One prominent measure is the so-called “break-even inflation rate,” which is the spread between a standard nominal bond and an inflation-protected or inflation-indexed bond. The break-even inflation rate is the rate for which a risk-neutral investor would be indifferent in terms of coupon payments and the payment at maturity between the nominal and indexed bond.
While many governments and a few private companies issue both types of these bonds, financial market participants almost always look at the spread between U.S. Treasury bonds of the two types (such as 10-year Treasury notes and 10-year Treasury inflation-protected securities, or TIPS) in computing break-even inflation. This is because both nominal and inflation-indexed U.S. bonds are seen as virtually risk-free and also highly liquid.
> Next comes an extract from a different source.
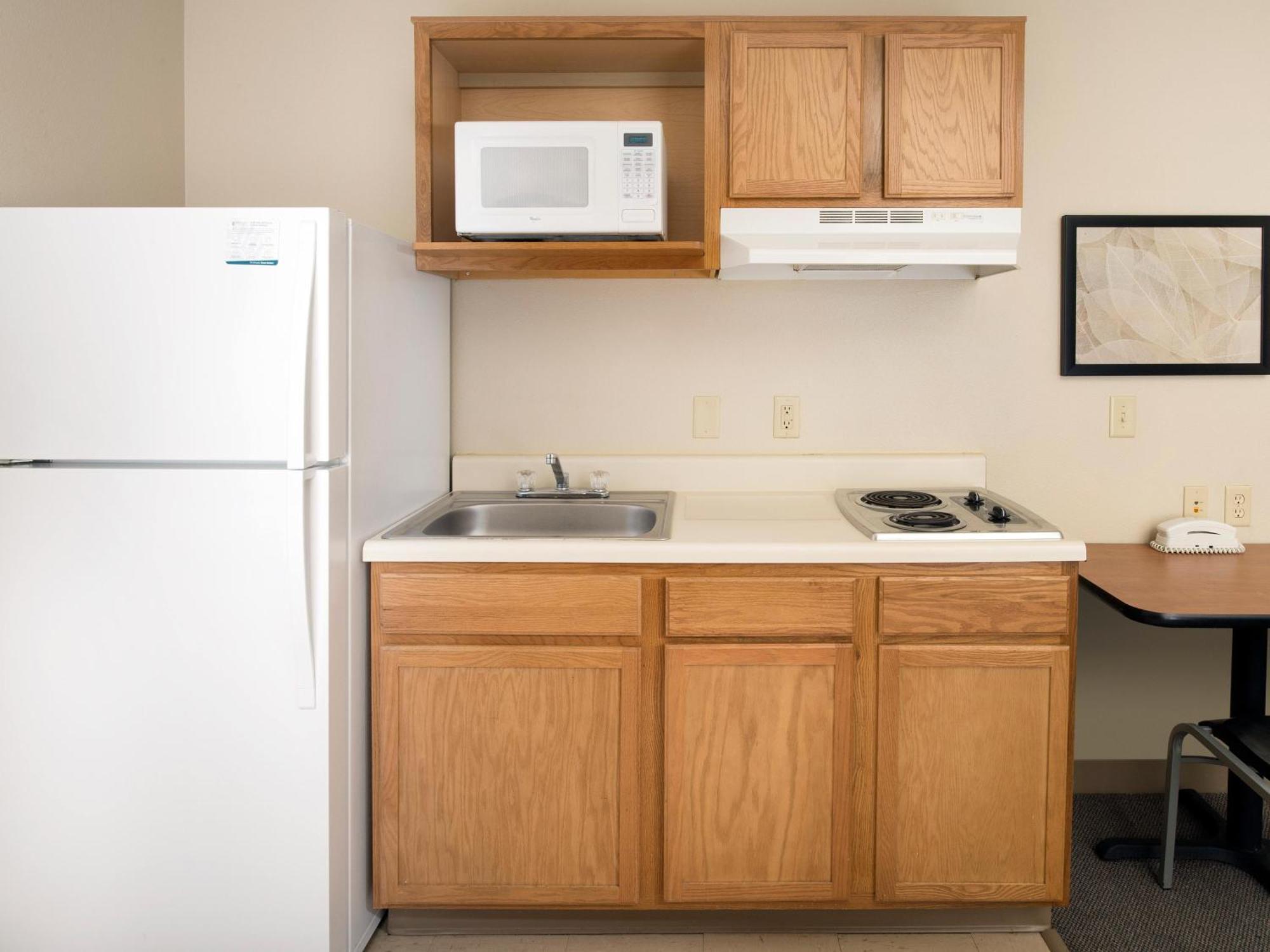 Extended Stay America Select Suites - Wichita - South Kültér fotó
From the summer of 2014 to early 2015, the break-even inflation rate experienced a precipitous decline. The break-even rate on 10-year U.S. Treasuries fell from 2.29 percent on July 31 to 1.54 percent on Jan. 13.
This decline may have concerned Fed officials, since one interpretation of the rate move was that the Fed was more likely to miss its inflation target in the future. Missing the inflation target on the downside could put the economy close to or in a deflation. Some economists, both inside and outside the Fed, believe that deflation can contribute to a stall in real economic activity.
More recently, however, this measure of inflation expectations has stabilized. Since mid-January, the rate has stayed within a range of 1.5 percent to 1.9 percent. While movements in the break-even inflation rate are difficult to predict, its recent stabilization may give some observers at least partial relief from the fears of deflationary pressures on the U.S. economy.